After getting good if incremental news on the jobs front this morning from the Bureau of Labor Statistics, the Obama administration got more mixed news from the Bureau of Economic Analysis on the trade front. The US trade deficit jumped up 4.3% in January, thanks to a big rise in imports, but exports also nudged upward:
The U.S. Census Bureau and the U.S. Bureau of Economic Analysis, through the Department of Commerce, announced today that total January exports of $180.8 billion and imports of $233.4 billion resulted in a goods and services deficit of $52.6 billion, up from $50.4 billion in December, revised. January exports were $2.6 billion more than December exports of $178.2 billion. January imports were $4.7 billion more than December imports of $228.7 billion.
In January, the goods deficit increased $2.4 billion from December to $67.5 billion, and the services surplus increased $0.3 billion from December to $14.9 billion. Exports of goods increased $1.9 billion to $128.6 billion, and imports of goods increased $4.3 billion to $196.1 billion. Exports of services increased $0.7 billion to $52.2 billion, and imports of services increased $0.4 billion to $37.3 billion.

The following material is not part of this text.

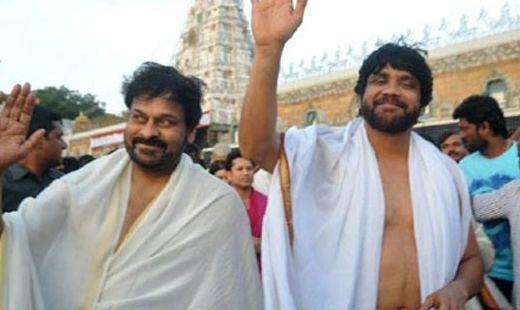 Celebrities at Tirumala Shrine Unseen Photos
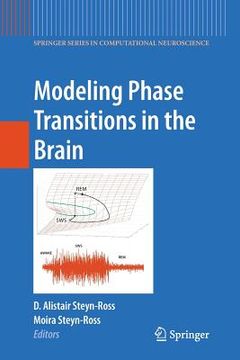 portada modeling phase transitions in the brain (en Inglés)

The goods and services deficit increased $5.0 billion from January 2011 to January 2012. Exports were up $12.9 billion, or 7.7 percent, and imports were up $18.0 billion, or 8.4 percent.
The trade deficit in and of itself is not necessarily a bad thing. The change in direction is more important, and that’s what makes this report such a mixed bag. An increase in exports is always good, but the increase in goods exports was slightly under 1.5%, while the increase in imports — which takes away from domestic production — increased 2.2%. In services, the news was somewhat better, with a small increase in exports outstripping an increase in imports by $300 million.
Coupled with disastrous durable-goods and factory orders and shipment reports from January, the change in direction looks like the start of a bad trend. Job numbers looked good today, but if this trend continues into February and March, the growth numbers for the US economy will begin to look poor — and that will kill whatever impulse there is now to create jobs, especially in the manufacturing sector.
The AP expects more of the same this year, thanks to the European fiscal crisis and declining demand for US products:
The U.S. trade deficit surged to the widest imbalance in more than three years in January as imports hit an all-time high, reflecting big demand for foreign-made cars, computers and food products.
U.S. exports to Europe fell, raising concerns that the debt crisis in that region could dampen U.S. economic growth. …
Economists are looking for the deficit this year to widen from last year’s $560 billion imbalance, reflecting in part the economic woes in Europe, which represents about 20 percent of America’s export market.
Economic growth weakens when exports decline because factories tend to produce fewer goods. And U.S. companies earn less.
We already saw that happen in January’s factory reports. Keep an eye on these trends as we move into spring, and as Europe absorbs the impact of the solution to the Greek crisis.
Update: Also today, wholesale inventories continue to rise while sales fell:
Sales. The U.S. Census Bureau announced today that January 2012 sales of merchant wholesalers, except manufacturers’ sales branches and offices, after adjustment for seasonal variations and trading-day differences but not for price changes, were $413.1 billion, down 0.1 percent (+/-0.7%)* from the revised December level, but were up 7.9 percent (+/-1.1%) from the January 2011 level. The December preliminary estimate was revised upward $0.5 billion or 0.1 percent. January sales of durable goods were down 0.2 percent (+/-1.2%)* from last month, but were up 10.2 percent (+/-1.4%) from a year ago. Sales of metals and minerals, except petroleum were down 3.0 percent from last month, while sales of computer and computer peripheral equipment and software were up 1.7 percent. Sales of nondurable goods were down 0.1 percent (+/-0.9%)* from December, but were up 6.1 percent (+/-1.4%) from last January. Sales of paper and paper products were down 3.1 percent from last month.
Inventories. Total inventories of merchant wholesalers, except manufacturers’ sales branches and offices, after adjustment for seasonal variations but not for price changes, were $475.5 billion at the end of January, up 0.4 percent (+/-0.4%)* from the revised December level and were up 9.4percent (+/-1.2%) from the January 2011 level. The December preliminary estimate was revised upward $0.5 billion or 0.1 percent. January inventories of durable goods were up 0.8 percent (+/-0.5%) from last month and were up 10.7 percent (+/-1.9%) from a year ago. Inventories of machinery, epuipment, and supplies were up 1.2 percent from last month and inventories of metals and minerals, except petroleum were up 0.9 percent. Inventories of nondurable goods were down 0.2 percent (+/-0.5%)* from December, but were up 7.6 percent (+/-1.1%) from last January. Inventories of chemicals and allied products were down 2.8 percent from last month, while petroleum and petroleum products were up 2.3 percent.
When inventories rise and sales fall, it puts downward pressure on future wholesale purchases and eventually forces discounting, which cuts into profits. Small wonder that wealthier Americans still feel that we are in a recession.